The partners had borrowed more than $200, 000 to purchase the building and begin renovations. Beren was concerned because the expenses incurred were many and the other partners were not willing to obtain additional funding. The partnership does not pay its debts, which have accumulated, and they are more than $380, 000. The partnership only has $550 in the bank, an amount that is too little to pay off the debts. Before a court can declare the partnership bankrupt, it has to consider all the assets that the partners have. The partners incurred the debts in the course of business operations since they were renovating the building they had purchased. The building is part of the assets, and the court has to consider its value. The partners can sell the building as an alternative to filing for bankruptcy. However, it is clear that the partners do not agree on issues, thus, the reason they could not manage to pay their debts.

Properties of the partners have to be considered before the partners are considered insolvent. The court has to determine all the value of the partners’ property, including non-partnership assets. In this case, all the partners are liable for debts. Partners can file for personal bankruptcy. Creditors file an involuntary petition, and this places the debtors into bankruptcy. I think that the petition should be granted. This will follow the court determining if the partners are not in a position to pay off their debts. The partners should show their financial status. This includes the financial status of the business as well as their personal wealth. After satisfying that the partners are not in a position to pay their debts, then the court can declare the partnership bankrupt. Involuntary petitions can be granted for chapter 7 bankruptcies, and partnerships can petition for this form of bankruptcies. This will enable the debtors to pay off their obligations.

Essay 2

The bankruptcy estate includes all the debtors’ property, as well as the debtor’s interests. Some properties are exempt from the estate. When a debtor adopts bankruptcy exemptions, creditors cannot claim such properties. Some of the exempted property includes un-matured life insurance, homestead exemptions, government benefits, and retirement funds that are exempt from taxation. States can establish their own exemptions. A debtor can choose between federal and state exemptions, or they may require the debtor to follow state law. Federal homestead exemptions tend to be lower than many state law exemptions. A person who does not adopt the federal exemptions has to comply with the state laws.
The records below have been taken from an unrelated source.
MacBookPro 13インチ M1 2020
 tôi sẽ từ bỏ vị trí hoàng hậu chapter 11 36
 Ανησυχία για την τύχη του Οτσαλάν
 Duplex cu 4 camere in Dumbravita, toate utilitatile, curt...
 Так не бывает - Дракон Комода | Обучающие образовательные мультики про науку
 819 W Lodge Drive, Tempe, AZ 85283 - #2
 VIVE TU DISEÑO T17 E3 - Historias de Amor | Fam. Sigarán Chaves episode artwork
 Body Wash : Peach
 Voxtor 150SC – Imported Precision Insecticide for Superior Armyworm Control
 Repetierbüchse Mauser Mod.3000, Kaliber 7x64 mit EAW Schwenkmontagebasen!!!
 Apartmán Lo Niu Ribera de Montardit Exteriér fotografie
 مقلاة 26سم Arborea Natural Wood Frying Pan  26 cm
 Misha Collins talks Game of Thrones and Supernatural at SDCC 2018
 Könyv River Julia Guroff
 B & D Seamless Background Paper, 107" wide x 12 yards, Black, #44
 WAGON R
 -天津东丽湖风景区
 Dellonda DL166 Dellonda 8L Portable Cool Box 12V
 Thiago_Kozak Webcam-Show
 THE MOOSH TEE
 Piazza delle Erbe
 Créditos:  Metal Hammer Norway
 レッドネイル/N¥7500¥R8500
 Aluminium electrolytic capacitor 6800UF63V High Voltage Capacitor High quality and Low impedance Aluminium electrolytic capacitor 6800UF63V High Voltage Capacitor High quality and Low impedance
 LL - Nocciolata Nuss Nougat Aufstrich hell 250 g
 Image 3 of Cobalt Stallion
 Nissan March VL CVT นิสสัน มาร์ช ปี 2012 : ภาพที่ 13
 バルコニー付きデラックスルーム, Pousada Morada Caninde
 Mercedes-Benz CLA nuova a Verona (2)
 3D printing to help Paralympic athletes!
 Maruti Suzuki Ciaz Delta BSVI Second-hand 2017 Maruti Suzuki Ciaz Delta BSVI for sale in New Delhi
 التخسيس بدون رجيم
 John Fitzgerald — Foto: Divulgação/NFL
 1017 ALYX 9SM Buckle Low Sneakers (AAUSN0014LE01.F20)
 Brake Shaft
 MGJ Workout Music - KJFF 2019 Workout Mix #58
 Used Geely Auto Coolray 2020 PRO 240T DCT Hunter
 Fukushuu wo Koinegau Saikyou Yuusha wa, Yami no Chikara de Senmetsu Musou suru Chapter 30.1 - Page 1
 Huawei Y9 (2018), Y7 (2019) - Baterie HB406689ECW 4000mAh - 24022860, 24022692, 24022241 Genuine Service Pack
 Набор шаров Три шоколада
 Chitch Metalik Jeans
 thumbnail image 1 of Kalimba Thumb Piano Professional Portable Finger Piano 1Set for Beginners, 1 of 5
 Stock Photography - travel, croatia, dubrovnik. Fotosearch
Florida is liberal with some exemptions. For instance, it has not set a limit on the dollar amount on homestead exemptions. The homestead exemption applies to any home that is a person’s residence and this includes modular homes, condominiums, mobile homes, and single-family homes. However, it limits the size of the real property considered for homestead exemption. The property to be exempted cannot be more than half an acre in the municipality or more than 160 acres in other parts of the county. To file for bankruptcy in Florida, a person should have lived there for at least two years. Florida applies the exemption law of the state. A person who has not lived within the state for the stipulated time does not qualify for the state exemptions, but he or she can use the federal exemptions. If the person does not want to use the federal exemptions, then he can choose to use the exemptions of the state where he lives, or the state where he has lived for the last two years.